## THE TASK
Reproduce, exactly and in full, only the lines below from the one containing "Three women and" through the one containing "The Tolo 8 Seat".

## SUPPLIED INFORMATION

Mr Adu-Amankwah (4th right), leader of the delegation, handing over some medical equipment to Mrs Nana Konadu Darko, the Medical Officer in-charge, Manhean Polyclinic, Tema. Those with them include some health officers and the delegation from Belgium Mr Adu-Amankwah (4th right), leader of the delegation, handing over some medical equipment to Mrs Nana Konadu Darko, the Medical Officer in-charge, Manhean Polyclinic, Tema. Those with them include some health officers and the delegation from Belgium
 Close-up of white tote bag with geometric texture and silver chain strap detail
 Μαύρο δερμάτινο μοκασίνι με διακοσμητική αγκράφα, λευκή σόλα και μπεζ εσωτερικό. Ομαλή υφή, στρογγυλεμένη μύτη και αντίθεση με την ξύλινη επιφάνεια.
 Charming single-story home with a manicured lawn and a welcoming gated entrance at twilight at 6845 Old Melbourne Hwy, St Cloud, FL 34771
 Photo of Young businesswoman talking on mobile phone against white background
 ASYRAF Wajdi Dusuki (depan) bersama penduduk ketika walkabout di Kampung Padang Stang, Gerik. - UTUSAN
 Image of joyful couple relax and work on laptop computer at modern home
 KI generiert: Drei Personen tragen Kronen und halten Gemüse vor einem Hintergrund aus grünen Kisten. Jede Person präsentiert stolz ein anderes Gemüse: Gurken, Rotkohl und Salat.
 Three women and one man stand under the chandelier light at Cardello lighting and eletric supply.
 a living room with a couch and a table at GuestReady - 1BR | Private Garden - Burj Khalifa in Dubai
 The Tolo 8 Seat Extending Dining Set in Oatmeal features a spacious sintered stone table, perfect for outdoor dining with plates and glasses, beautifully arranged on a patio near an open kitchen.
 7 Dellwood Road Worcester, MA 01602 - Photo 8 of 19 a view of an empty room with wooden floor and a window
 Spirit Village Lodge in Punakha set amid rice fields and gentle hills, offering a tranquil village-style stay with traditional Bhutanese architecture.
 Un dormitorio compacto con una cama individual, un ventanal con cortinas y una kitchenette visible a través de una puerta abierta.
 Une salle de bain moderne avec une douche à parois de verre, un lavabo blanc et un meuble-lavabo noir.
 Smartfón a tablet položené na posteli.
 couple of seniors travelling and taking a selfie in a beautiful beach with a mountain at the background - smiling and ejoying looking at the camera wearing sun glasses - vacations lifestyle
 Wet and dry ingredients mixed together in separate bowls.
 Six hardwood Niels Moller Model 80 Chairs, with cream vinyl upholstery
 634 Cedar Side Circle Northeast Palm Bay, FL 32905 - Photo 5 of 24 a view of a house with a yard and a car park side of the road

## COMPLETED TASK
 Three women and one man stand under the chandelier light at Cardello lighting and eletric supply.
 a living room with a couch and a table at GuestReady - 1BR | Private Garden - Burj Khalifa in Dubai
 The Tolo 8 Seat Extending Dining Set in Oatmeal features a spacious sintered stone table, perfect for outdoor dining with plates and glasses, beautifully arranged on a patio near an open kitchen.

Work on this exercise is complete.